KBRT – Bagi Solekan (50), warga Desa Gembleb, Kecamatan Pogalan, Kabupaten Trenggalek, Hari Tani Nasional yang diperingati setiap 24 September belum bisa dirasakan seperti perayaan hari besar lainnya.
“Ya petani gini-gini saja,” ujarnya sambil tersenyum pahit. Ia menuturkan, mayoritas warga di desanya bekerja di sawah sebagai buruh tani, bukan pemilik lahan.
“Kalau di persawahan Desa Gembleb ini, yang punya sawah kurang dari separuh warga. Sisanya buruh tani. Itu pun sawahnya di sini lebih sempit daripada desa lain,” katanya.
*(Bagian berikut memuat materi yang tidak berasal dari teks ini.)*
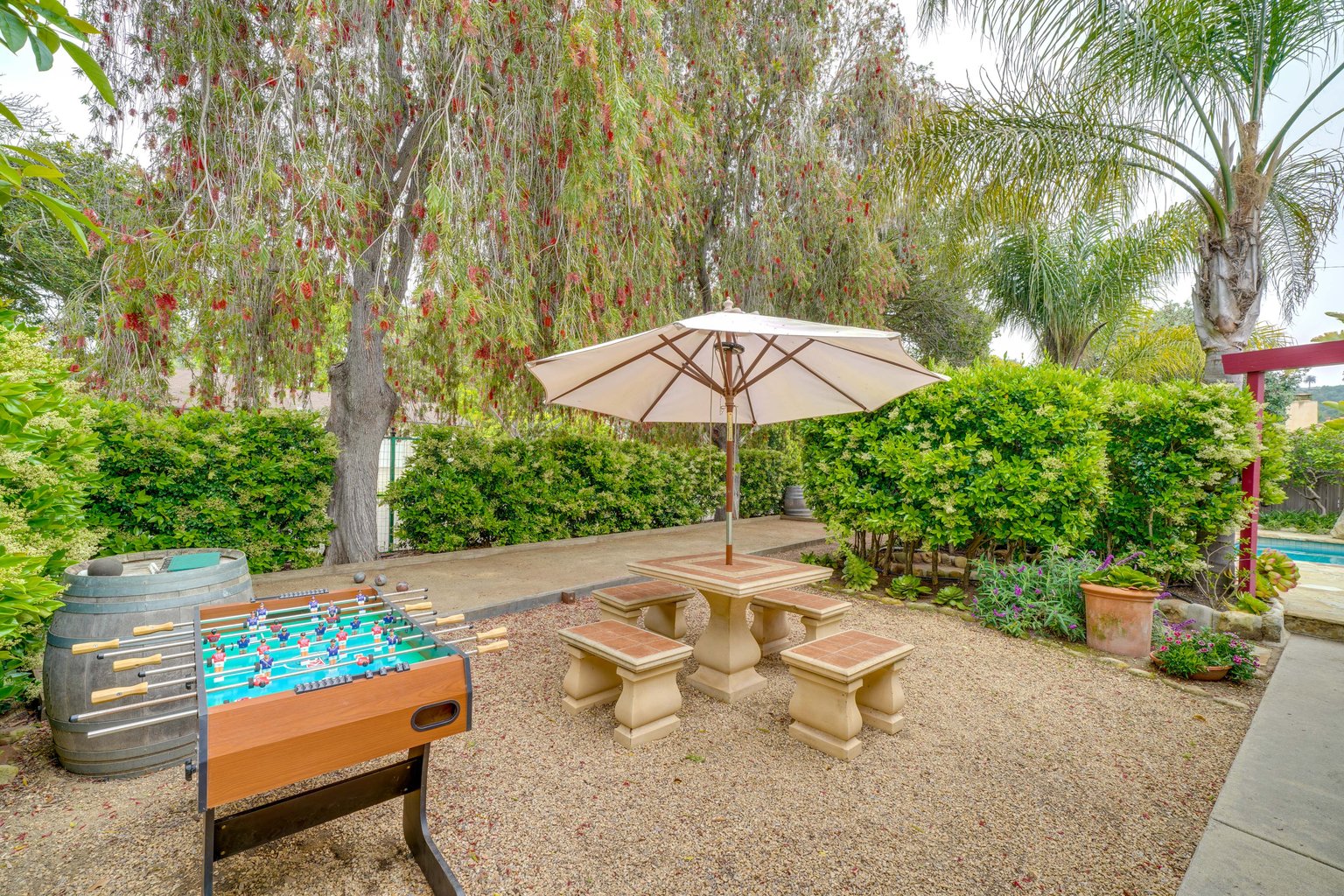 Santa Barbara Vacation Rental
Pria yang akrab disapa Kalik itu menyebut, sebagian besar pemilik sawah hanya mengelola sebidang kecil, termasuk dirinya yang memiliki sekitar 125 ru.
Meski menyadari pentingnya peran petani sebagai penyangga pangan negeri, Kalik mengaku kondisi ekonomi petani kerap terguncang. Pada musim lalu, ia kehilangan separuh hasil panen akibat serangan hama wereng.
“Biasanya sawah 125 ru bisa menghasilkan 8 kwintal, kemarin cuma dapat setengahnya,” jelasnya.
Kalik menambahkan, harga gabah kering memang naik pada musim lalu, bahkan mencapai Rp7.700 per kilogram—lebih tinggi dibanding tahun-tahun sebelumnya yang berkisar Rp5.000. Namun, kenaikan harga itu tidak otomatis membuat petani lebih sejahtera.
“Yang punya sawah 125 ru, kalau jual setengah hasil panen paling dapat sekitar 3 juta. Itu pun panennya empat bulan sekali,” katanya.
Pendapatan tersebut masih harus dipotong biaya pupuk, pestisida, hingga ongkos bajak. Itulah sebabnya, menurut Kalik, kehidupan petani kecil tetap sulit.
Sambil menata pipa irigasi untuk mengaliri benih padinya yang kekurangan air, Kalik berharap harga kebutuhan pertanian bisa lebih terjangkau.
“Harapannya ya pupuk sama obat itu dimurahkan lagi. Walaupun harga gabah naik, penghasilan petani tetap belum cukup, apalagi kalau panen rusak kena wereng,” ungkapnya.